With the East River as the backdrop and the sounds of Long Island City’s Le Nozze di Carlo playing spooky-themed music, adults and children of all ages participated in artist-led costume-making workshops, all devised to represent an interpretation on “The Wizard of Oz” at the Halloween Harvest Festival at Socrates Sculpture Park in LIC.
There was an extra limbs table where children were able to stuff batting into sleeves and rubber gloves to create limbs similar to a scarecrow’s. Children also had the opportunity to let their creativity soar and design their very own tail, with varied materials like rubber, felt and colorful thick yarn.
The animals children chose to make tails of were limitless.
“It’s ‘The Wizard of Oz’ theme, so monkeys, lions, or any animal they can think of,” said volunteer Aaron Glover, 21, a teacher’s aid at Catholic Charities who was helping kids create their pieces.
There was also the Badge of Courage station, where participants were able to use thick colored foil to emboss with a design of their choosing, with many youngsters choosing to creatively write their name. Each creation was then pinned with ribbon for them to proudly show off and wear right away.
“I wanted to work with metal, even if it was just aluminum foil,” said artist Melissa Calderon with a smile, who happens to know a thing or two about the material. Calderon’s grand-sized installation, titled “Indivisible,” made out of weathering steel and copper, is currently on display at the park as part of the 2012 Emerging Artist Fellowship Exhibition.
Jeremy Joffee, who works with Lifespire, an organization that advocates and provides services for New Yorkers with developmental disabilities, came to the festival with Rogelio Zapata, 10, from PS 42 as part of their Saturday respite program.
“I think Rogelio enjoyed the face painting the most by far,” Joffee said.
“At first he was hesitant to do it, but then he mustered the courage. I also told him that if he did it I would do it, and I think that helped a bit,” Joffee, who’s worked for the past four years as Lifespire’s music instructor, added.

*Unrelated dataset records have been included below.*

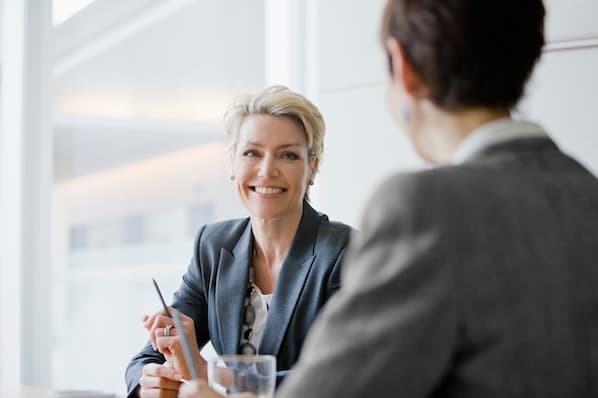 How to Write a Powerful Performance Review: The Ultimate Guide for Managers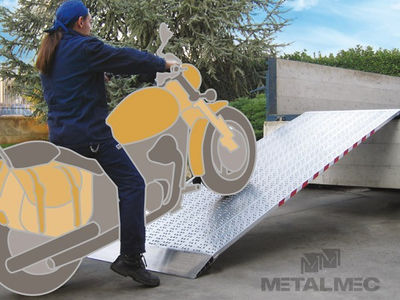 Rampas de aluminio homologadas para cargar vehículos y máquinas - Foto 3
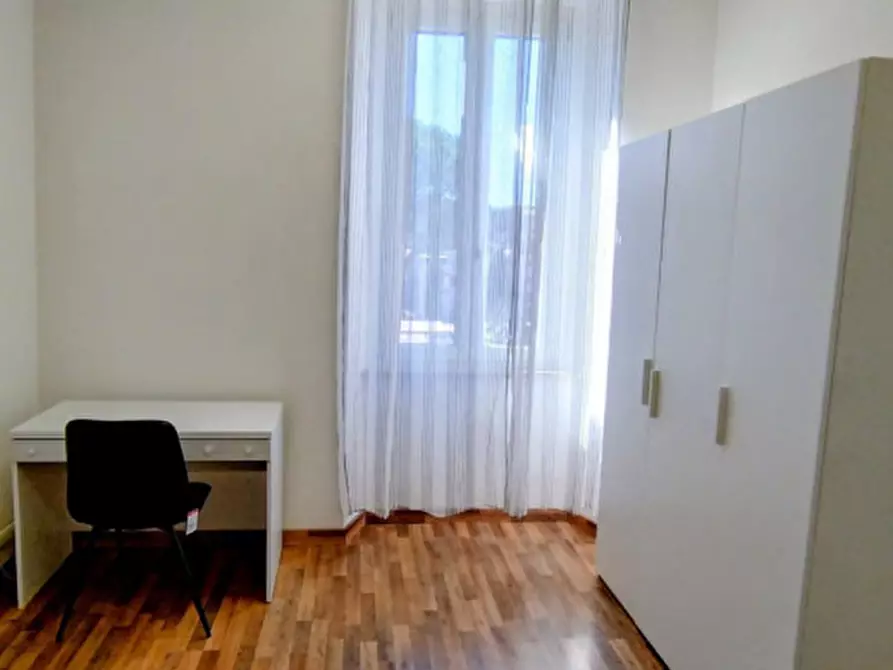 Immagine 4 di Camera in affitto  in Viale Giuseppe Mazzini a Tivoli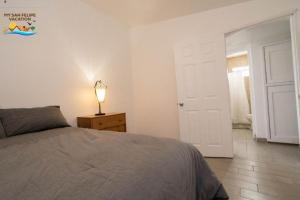 Postel nebo postele na pokoji v ubytování Beautiful San Felipe in town home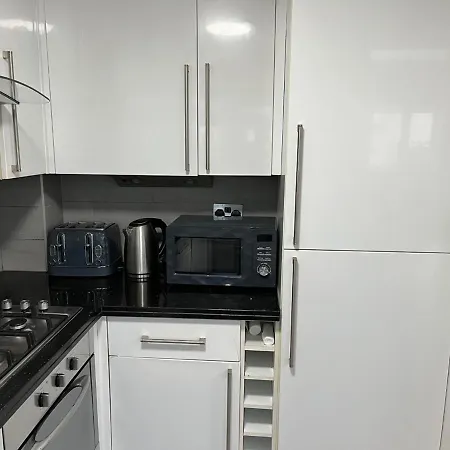 Three Bedroom House In Tooting By Star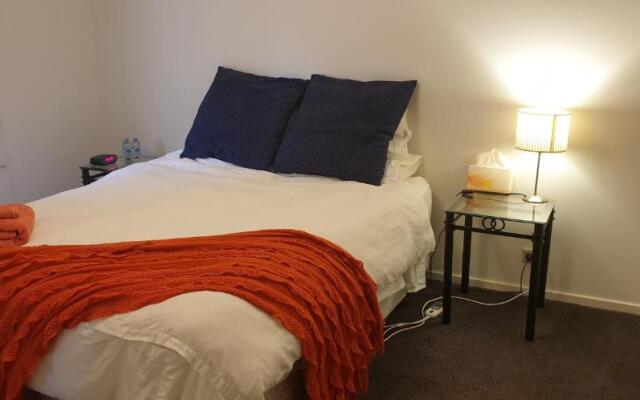Quiet Room own Bathroom at home in Golden Square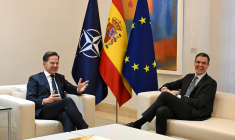Le secrétaire général de l'Otan, Mark Rutte, et le Premier ministre espagnol, Pedro Sanchez, à Madrid, en Espagne, le 27 janvier 2025. ( AFP / JAVIER SORIANO )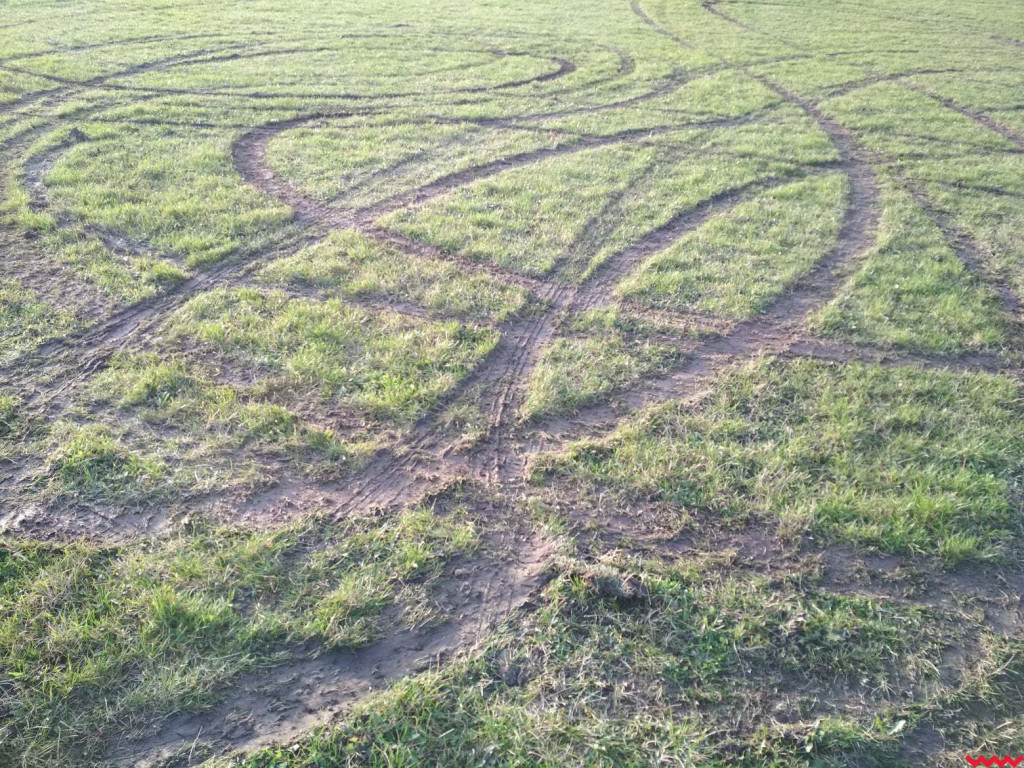 Pseudorajdowiec poszukiwany. Zniszczył murawę boiska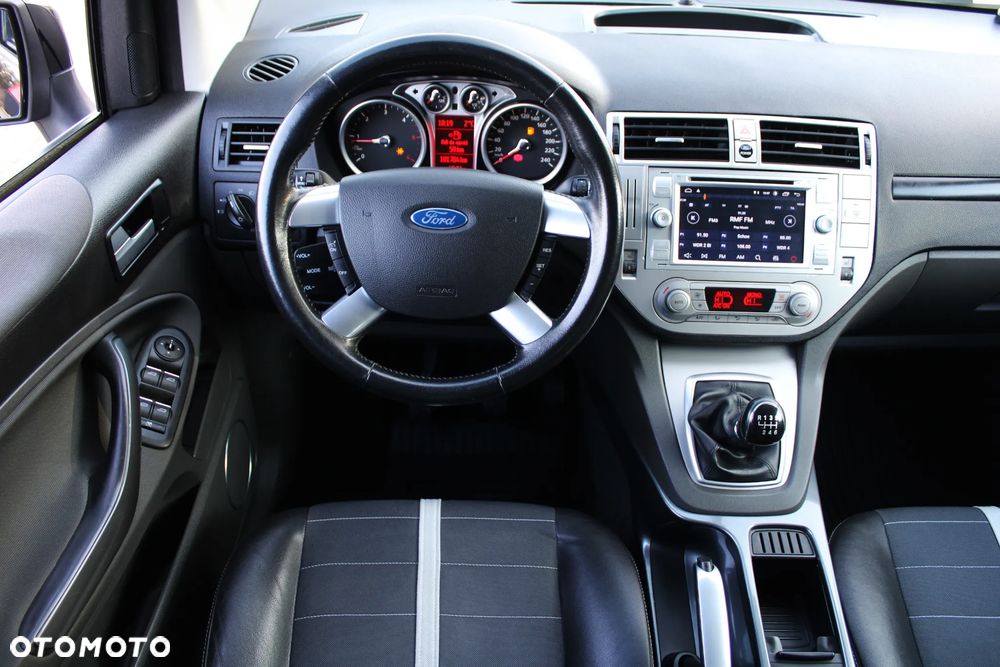 Ford Kuga 2.0 TDCi 2x4 Titanium - 17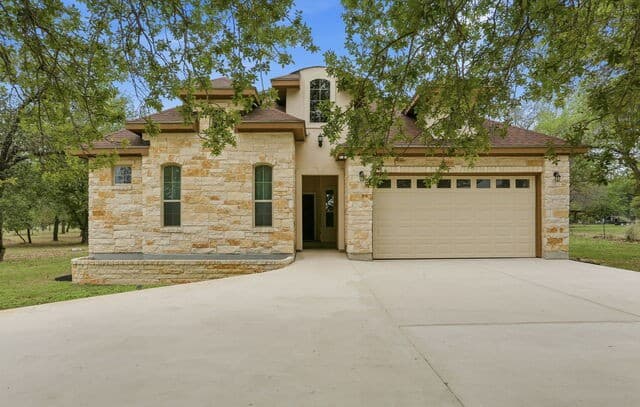 306 County Road 6876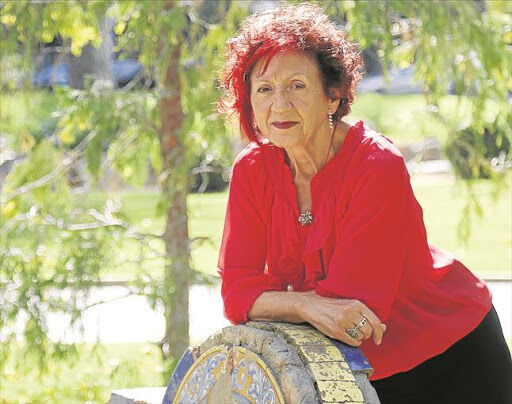 10 Poemas de Juana Castro (10)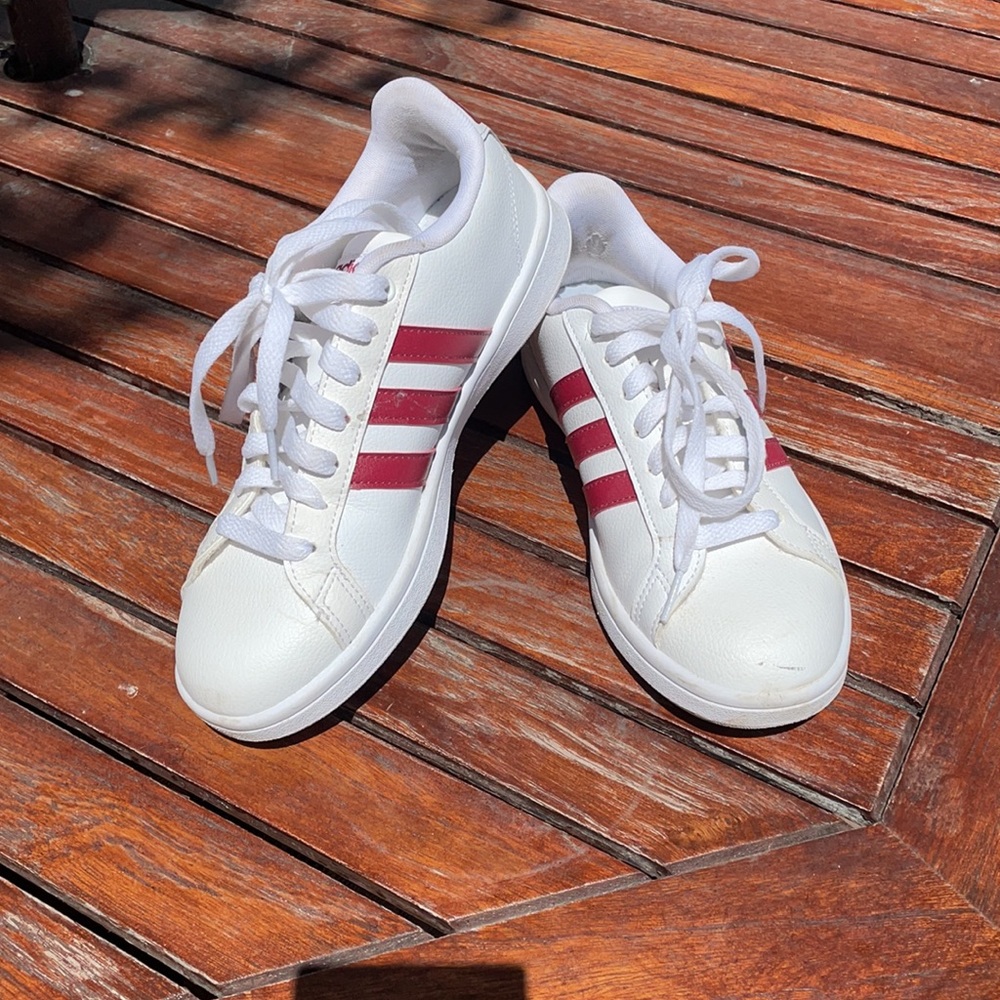 Adidas cloudfoam sneakers US 7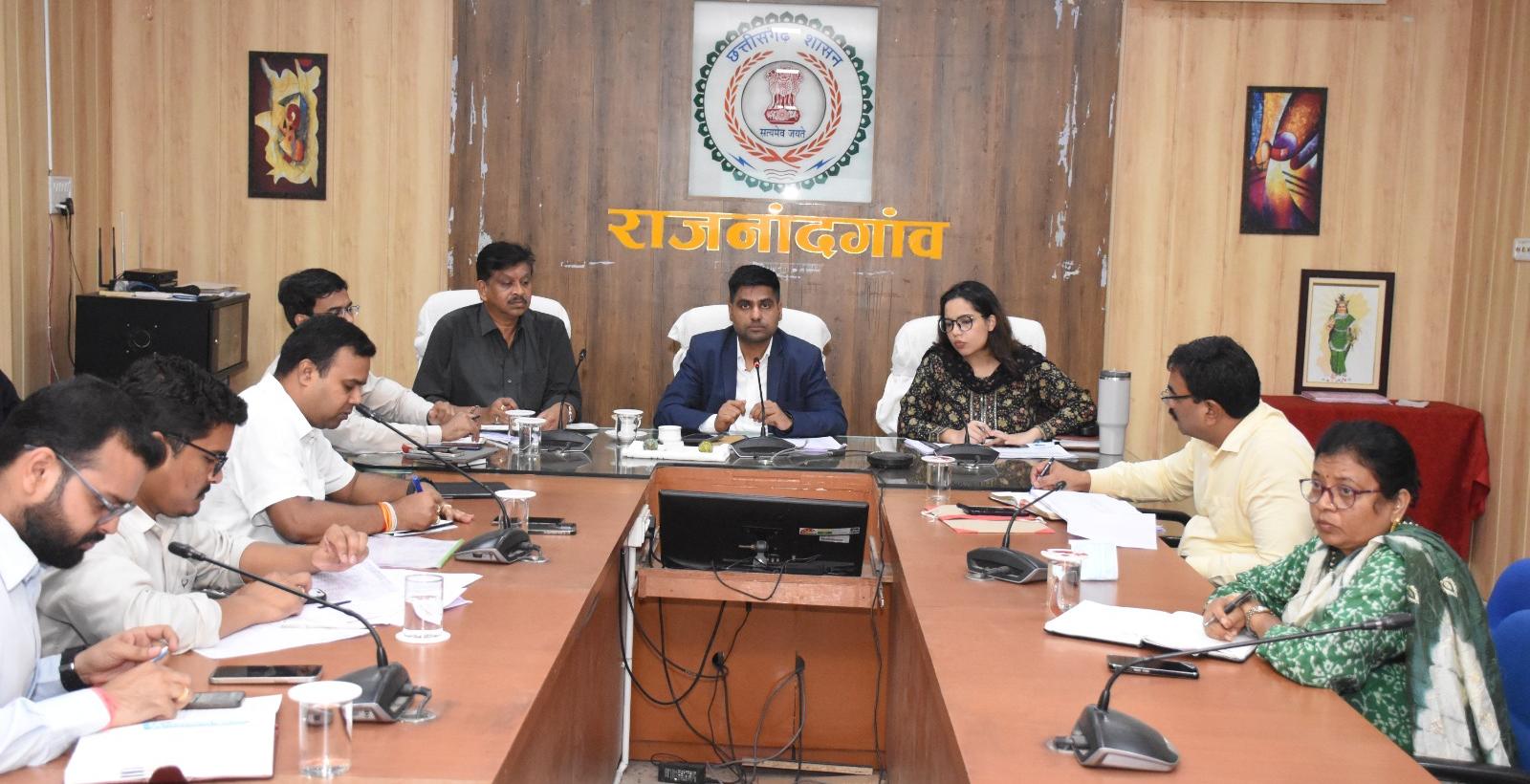कलेक्टर ने साप्ताहिक समय-सीमा बैठक में विभागीय कार्यों की समीक्षा की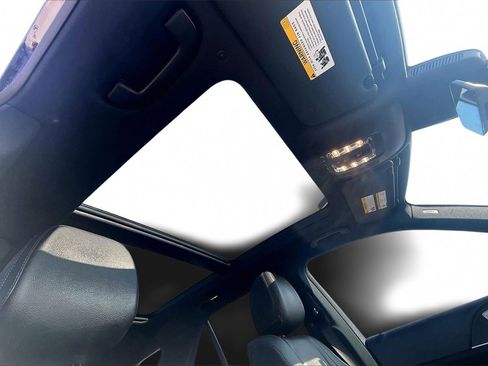 Used 2023 Mercedes-Benz GLE 350 4MATIC image 22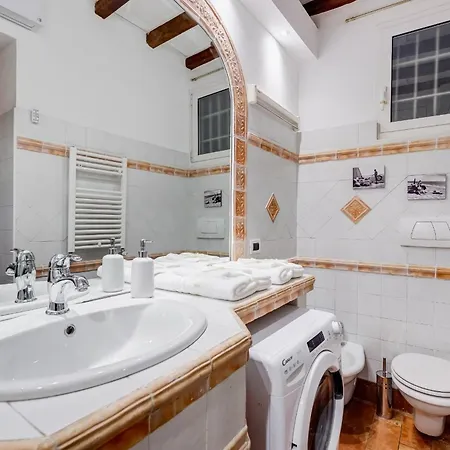 Apartment Classic Colosseum A Stone's Throw From The Imperial Forums *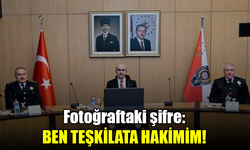 Fotoğraftaki şifre: Ben teşkilata hakimim!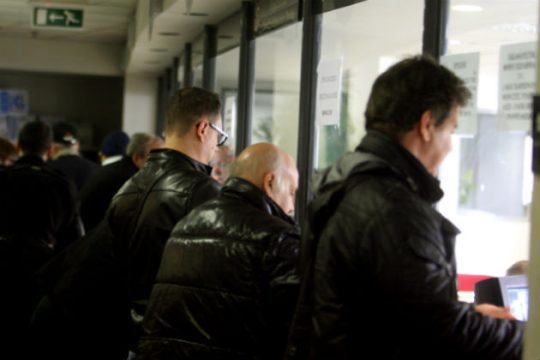 Μία μέρα παράταση για τα τέλη κυκλοφορίας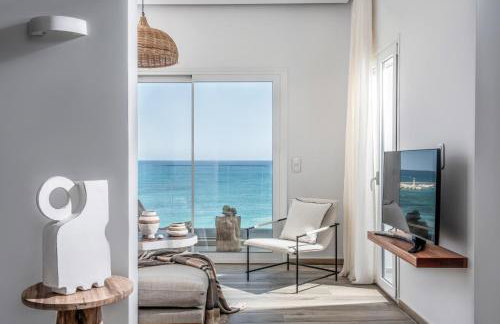 Khroma Luxury Suite 1 Beach front apartment - Photo 61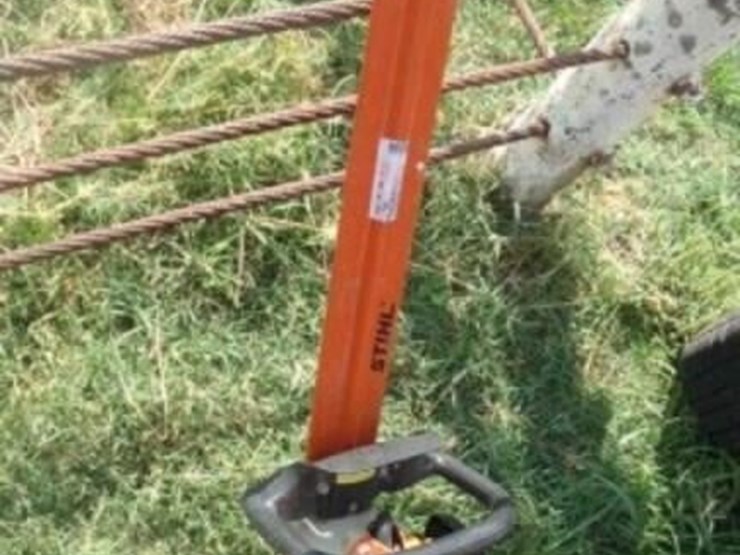 stihl-gas-hedge-trimmer-24"-image-1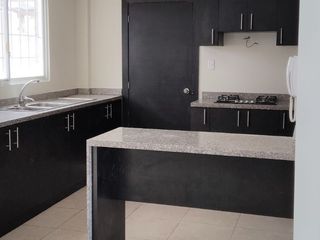 Foto 5 de Venta de Casa de 4 dormitorios Manta Manabi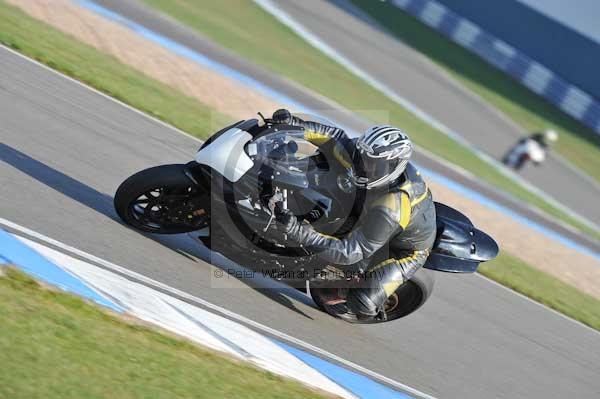 Motorcycle action photographs;Trackday digital images;donington;donington park leicestershire;donington photographs;event digital images;eventdigitalimages;no limits trackday;peter wileman photography;trackday;trackday photos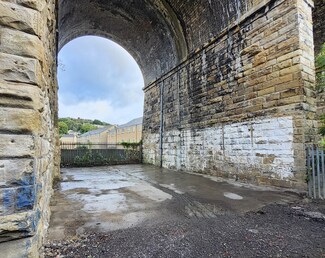 Plus de détails pour Crow Ln, Huddersfield - Terrain à louer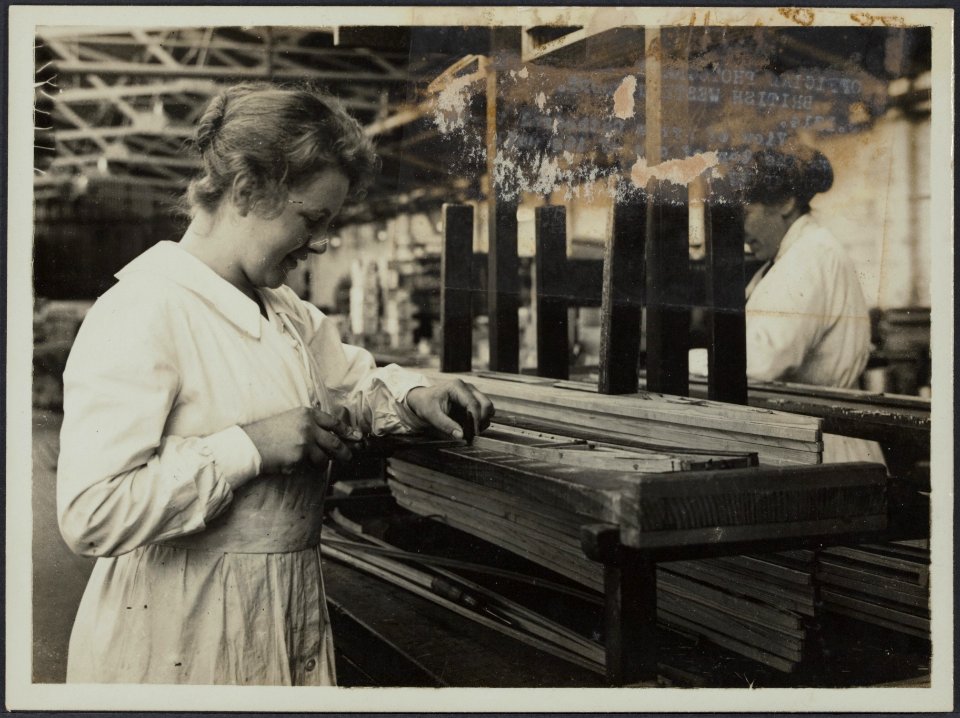 Aeroplane factory near Birmingham. British women aeroplane workers in the Midlan, Bestanddeelnr 158-1640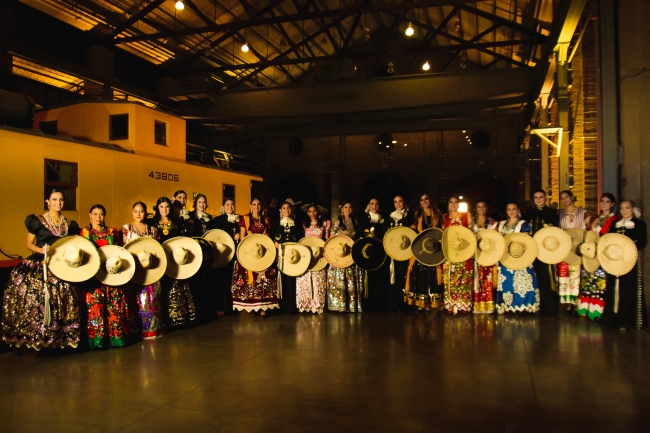 Las soberanas participantes en el Gran Baile de Reinas la noche del viernes en el Salón de Locomotoras de Aguascalientes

Also a part of the festivities was “Scarecrows by Thomas and Guinevere,” led by Canadian based artists Thom Sokoloski and Jenny-Anne McCowan. In this fascinating installation, scarecrows were created at a workshop in August at the park. Each scarecrow represents historically relevant and important individuals associated with Queens, as free-standing structures created to protect the spirit of Socrates Sculpture Park, such as Billie Holiday and Malcolm X.
McCowan also led a dance-along through the park, like walking along the “yellow brick road” to encourage those enjoying the festival to get up and dance too.
Free Style Arts Association was also on hand helping children create their own scarecrows with materials they provided to participants, to either take home or leave at the park on display for a few days.